Extracted data Block Start
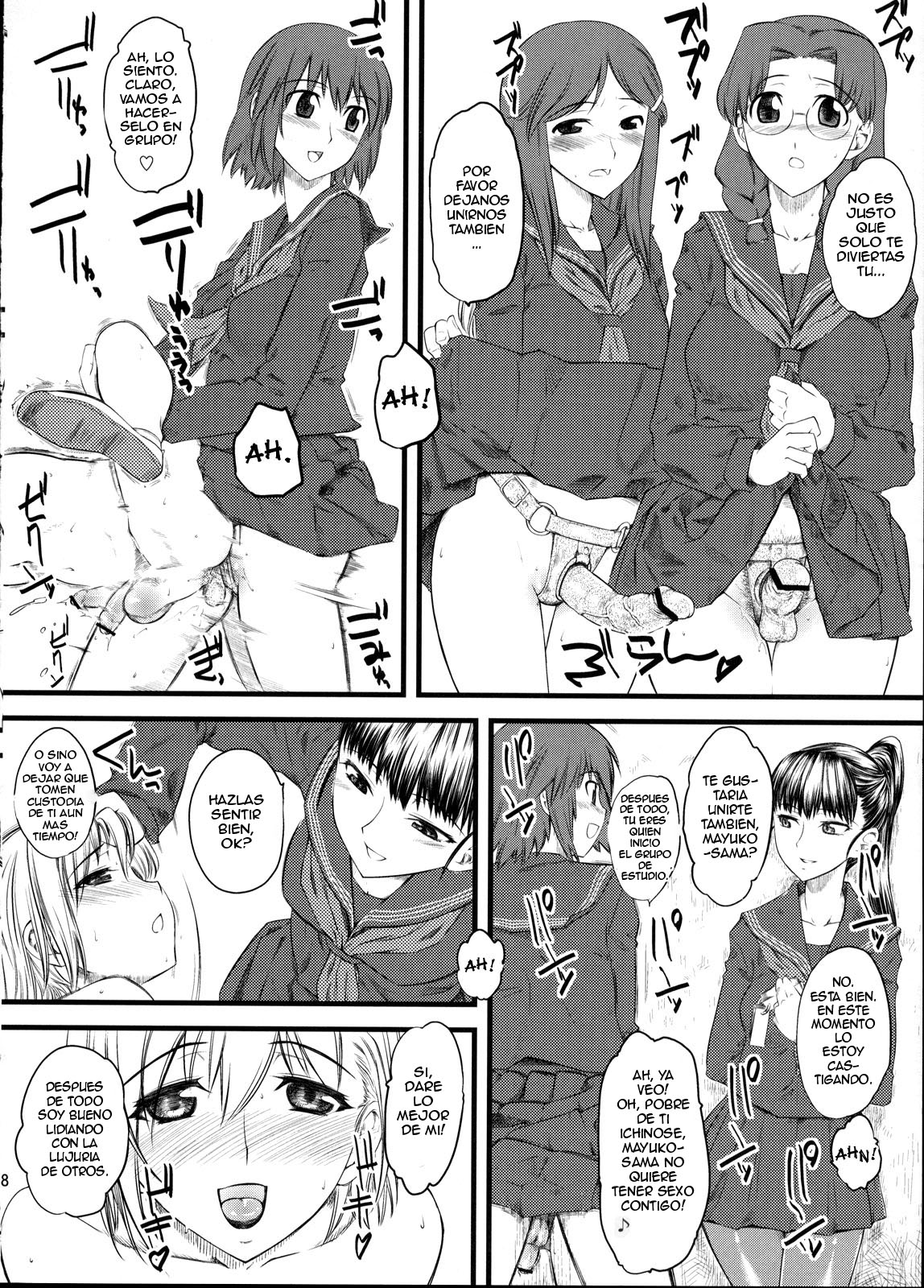 Naburi x2 page 7 full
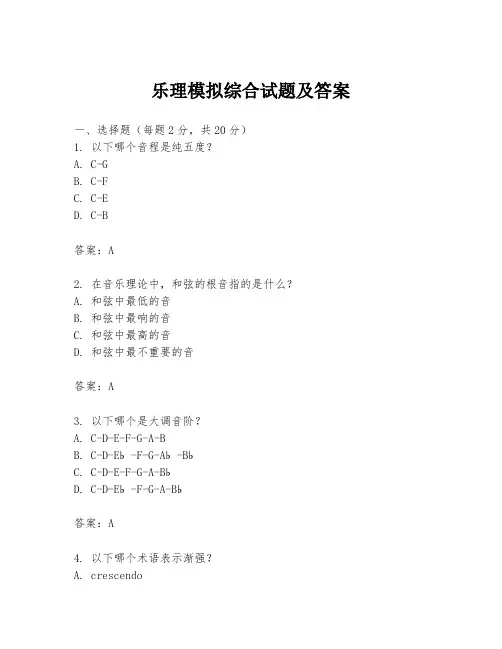乐理模拟综合试题及答案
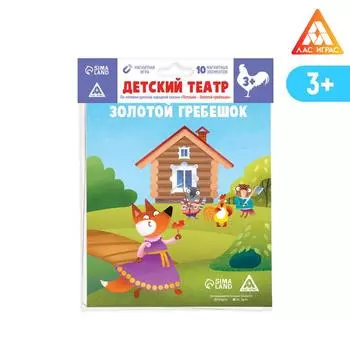 Магнитный детский театр по мотивам сказки «Петушок-золотой гребешок»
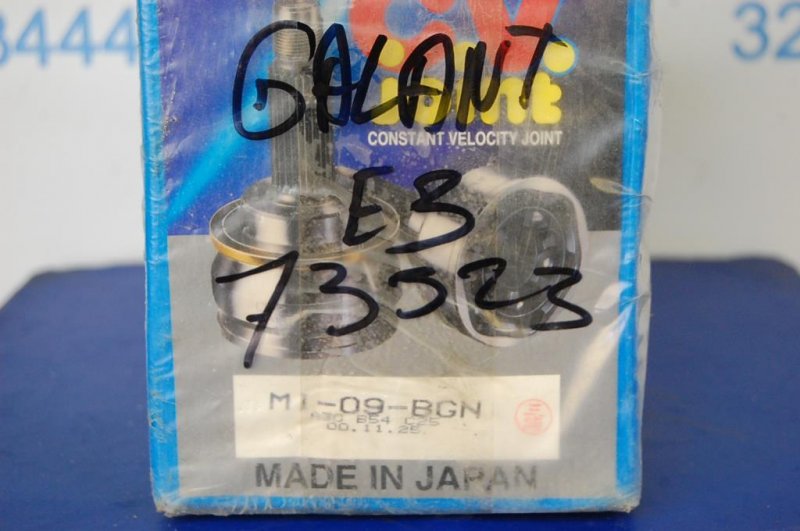 Шрус наружный GALANT 93-97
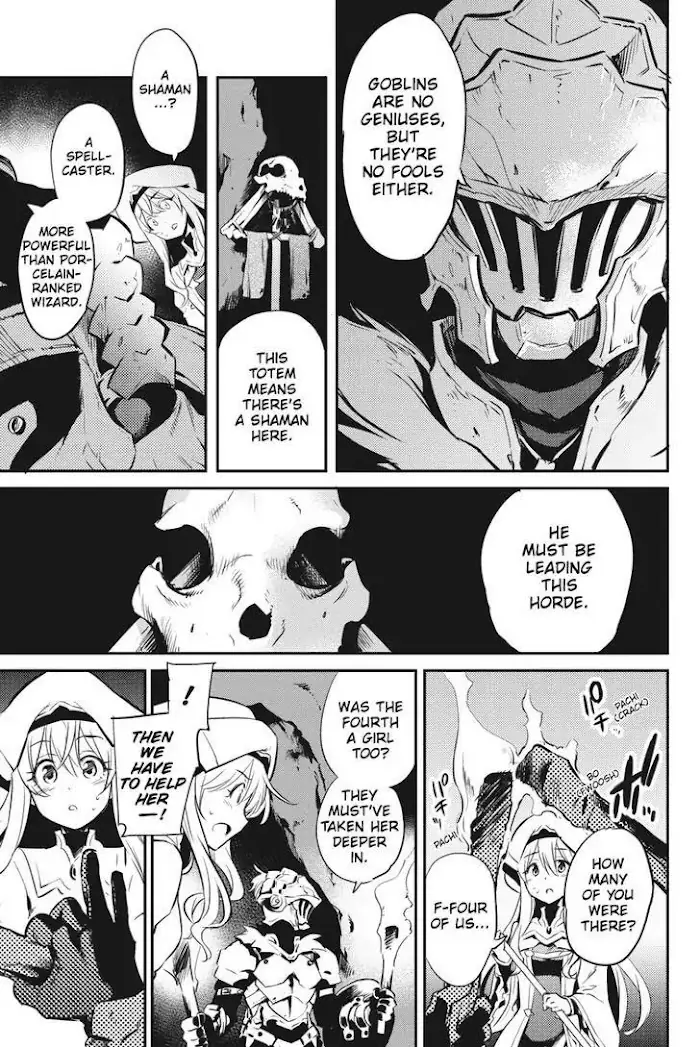 Goblin Slayer Chapter 2 image 16_optimized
Extracted data Block End
• Exercise: Your answer must be an exact copy of the records, without the pictures.

• Response to this exercise:
 Naburi x2 page 7 full
乐理模拟综合试题及答案
 Магнитный детский театр по мотивам сказки «Петушок-золотой гребешок»
 Шрус наружный GALANT 93-97
 Goblin Slayer Chapter 2 image 16_optimized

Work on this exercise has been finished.